Kilroy glanced around wide-eyed at the carnage. “You killed ‘em all!”
“Just most of them,” replied Stark.
Stark’s Justice, the first book in James Reasoner’s Judge Earl Stark series, is a superbly crafted revenge Western that would have made Harry Whittington proud. Reasoner alternates between moments of fiery hardboiled action and brooding noir introspection, striking a deft balance between the two sensibilities. Stark’s Justice a hard-hitting Western, for sure, one that is filled with shoot-em-up bar fights and a raucous finale that turns a small town into a raging battle site, but Reasoner never forgets the human toll and real suffering that lies behind the action.

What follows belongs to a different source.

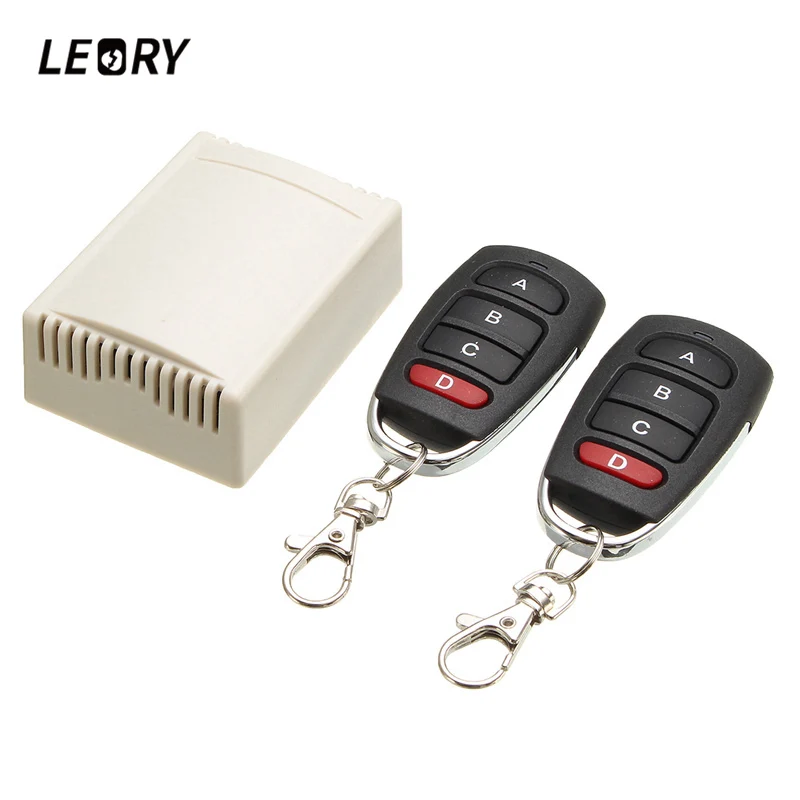 LEORY 12V 4CH канала реле RF Беспроводной дистанционного Управление переключатель 315 МГц 2 передатчик+ приемник для светодиодный освещения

The book begins with “Big Earl” Stark still riding shotgun for a stagecoach and studying law books at night. When the stage pulls into Buffalo Flats, however, Stark gets his chance to prove his legal knowledge at a public hearing, starting him on a new career as a lawyer. His mind may be on law, but his heart is set on Laura Delaney, a girl he had to leave behind. Now’s that he’s made good, he wants her to join him and get married. On her journey, however, her stagecoach is held up and she is killed. Grief stricken and burdened with the guilt that had he been riding shotgun this wouldn’t have happened, Stark puts aside his new career and takes to the trail for revenge. As he hunts for the outlaws, Stark struggles to reconcile his newfound respect for the law and his thirst for vengeance.
I’m a big fan of Reasoner’s books, both his Westerns and Noir/Mystery books, and here he combines the best of both worlds. Great sense of character, sweeping action, and a dark underside – I’d consider Stark’s Justice one of my favorite Reasoner books yet. This was followed by two more Judge Earl Stark books which I haven’t read yet, The Hawthorne Legacy and The Diablo Grant, and I’ve heard rumor there might be a fourth book coming sometime this year. I’m hoping that rumor is true!
Here’s one of my favorite passages from the book. Between the flopping and the blood and the noises, this has a nice Spillane-tinge to it.
“From behind him came a hideous, strangled sound. He turned, gun still in hand, to see the outlaw called Lee Roy flopping around on the floor, trying with his fingers to stem the tide of blood from his bullet-torn throat.”
Oh I love this book very much. I sure wish James would write another Stark story.